In 2009, the ILO’s Committee on Freedom of Association investigated the use of a 1974 decree on ‘Civil Emergency Planning’ to issue a civil mobilisation order against striking seamen. The back and forth between the Greek government and the committee is detailed here, and the legalese is difficult to parse, but in essence, the government’s argument is that given Greece’s unique geography, this sector requires special consideration. The committee agreed, but at the same time received a commitment to ensuring that use of civil mobilisation under the 1974 law “will from now on only apply in times of war.”
In 2007, fresh legislation had been introduced that was supposed to clarify the legal situation. A number of articles in the news media from the last few days say that this legislation allowed for conscription in peacetime, but again according to the ILO, even under the 2007 law, labour conscription is still possible only in a “sudden situation requiring the taking of immediate measures to face the country’s defensive needs or a social emergency against any type of imminent natural disaster or emergency that might endanger the public health.”
Rotting fruit in a truck, however frustrating and damaging to economic interests, still does not count.

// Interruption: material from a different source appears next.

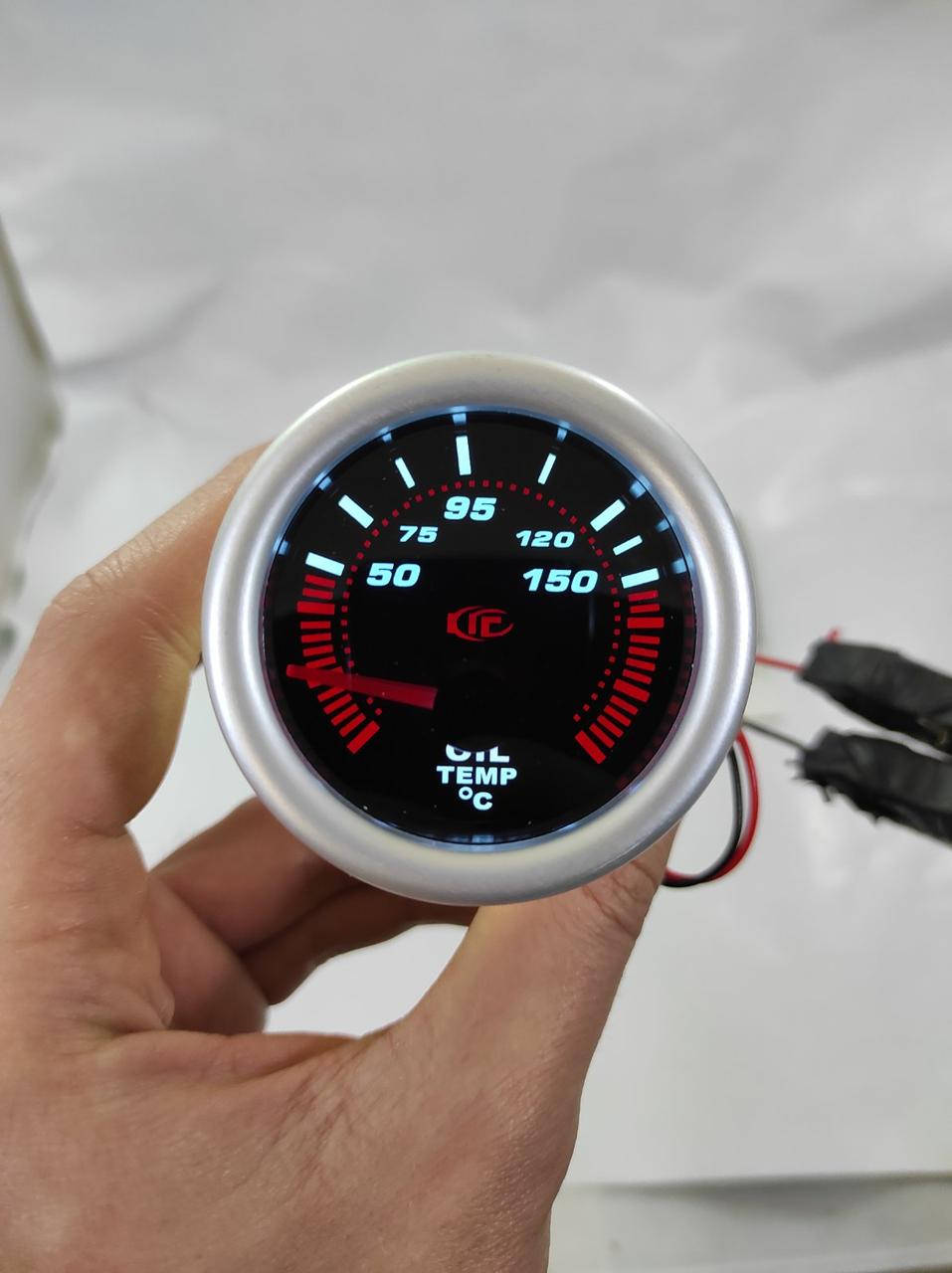 Указатель температуры масла стрелочный Ket Gauge 7703-2 LED диодный Ø52мм прибор датчик автомобильный
Указатель температуры масла стрелочный Ket Gauge 7703-2 LED диодный Ø52мм прибор датчик автомобильный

Now, the easiest way for the Greek government to be in compliance with its international human rights obligations in this case is for it to declare a national state of emergency, but I’m guessing that would probably just inflame the labour strife still further, let alone what such a declaration would do to its economy or that of the eurozone.
I also don’t want to overstate the case. I’m not a lawyer. There will be nuances here in terms of Greek and international law that I’m sure I’m missing.
And southern Europe is not anywhere near the situation of what is happening in Belarus, where presidential decrees forbidding workers from striking or quitting their jobs in different sectors may spread to the entire economy.
But even if the situation is not anywhere near the same in scale, it bears a resemblance in kind.
The worry is that governments that are put in difficult situations by international lenders and bond markets will begin to opt more and more for the easy option of labour conscription when it comes to industrial action that is highly disruptive in strategic sectors.
Moreover, Athens and other peripheral capitals have a credibility problem when it comes to their commitment to pushing through unpopular measures, and many of the toughest labour market ‘reforms’ in much of the periphery have actually yet to be imposed. So it cannot have escaped the Greek prime minister’s mind that this is a great way to demonstrate to international lenders his iron determination to enact their demands.
Nevertheless, at the moment, there are still a small, if growing, number of cases of this unorthodox government manoeuvre, so it is too early to pronounce that the use of forced labour is becoming a habit.
I’m just saying we should keep a close eye on this space. This is not business as usual.